We can all learn from Olson and his compassionate hunting, even if we don’t hunt ourselves. By considering the sources of what we eat, we can start to pick apart the unseen industries that bring us our food, and assess the real impact on the animals, plants, and ecosystems affected by them. We can learn to have more compassion for all the living beings that die for us to live, animal and otherwise. We can be more conscientious in not wasting our food, and making the most of every scrap, even down to tiny bits of meat and vegetable for soup stock. And we can make more responsible choices in our diets while still respecting our personal health and dietary needs, time and financial restrictions. It is perhaps a shorter book than, say, Michael Pollan’s The Omnivore’s Dilemma, but it is just as elegant, and even more primal, a look at the same challenges that all too many of us blithely ignore at every meal.
If you would like your own copy of The Compassionate Hunter’s Guidebook, you can order it directly from Olson’s website here; it is also available through Amazon and Powell’s, and you can ask your local independent bookstore to order it if they don’t have it in stock.

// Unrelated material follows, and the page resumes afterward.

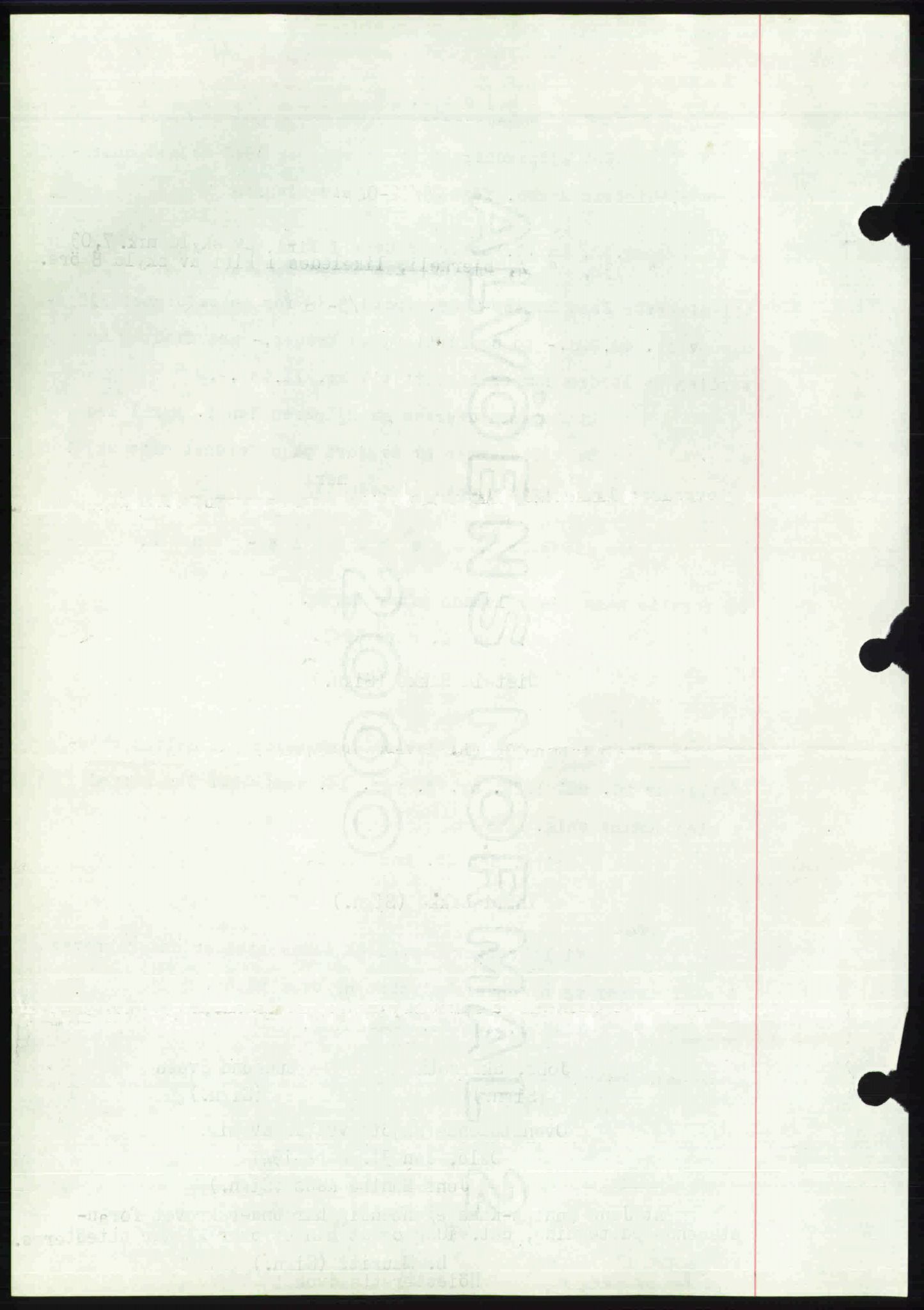 Toten tingrett, SAH/TING-006/H/Hb/Hbc/L0008: Mortgage book no. Hbc-08, 1941-1941, Diary no: : 736/1941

One final postscript: I am rather excited that I won a copy of Olson’s other book, UNLEARN, REWILD: Earth skills, Ideas and Inspiration for the Future Primitive at the recent fundraising event held by Rewild Portland. I’ll get a review of it up here once I’m done with it, though at the very least I want to finish up the gigantic book of prehistoric life I’ve been chewing my way through for a few weeks now.
I am glad to hear the book is so good!
When I started doing a traditional foods diet back in 2009, I learned about the why and how of eating more of the animal. It’s amazing how much food can come from one cow, pig, or deer, if you are not just focused on a particular cut of muscle or having bacon. People have not eaten liver for millennia just to gross out others around them, after all.
Part of the problem is that we get accustomed to food tasting a particular way. We think of muscle tissue as food, but organ meats may seem to have a weird taste or texture to us. I know I still have trouble eating chicken livers as anything other than bits of meat in a soup, though I am trying.
True there. I recommend the following as gateway offal: liver pate, tongue, and heart. The latter two just taste like richer muscle meat. I even got my offal-phobic best friend to eat tongue, knowing what it was, and she would tell herself it was stew meat.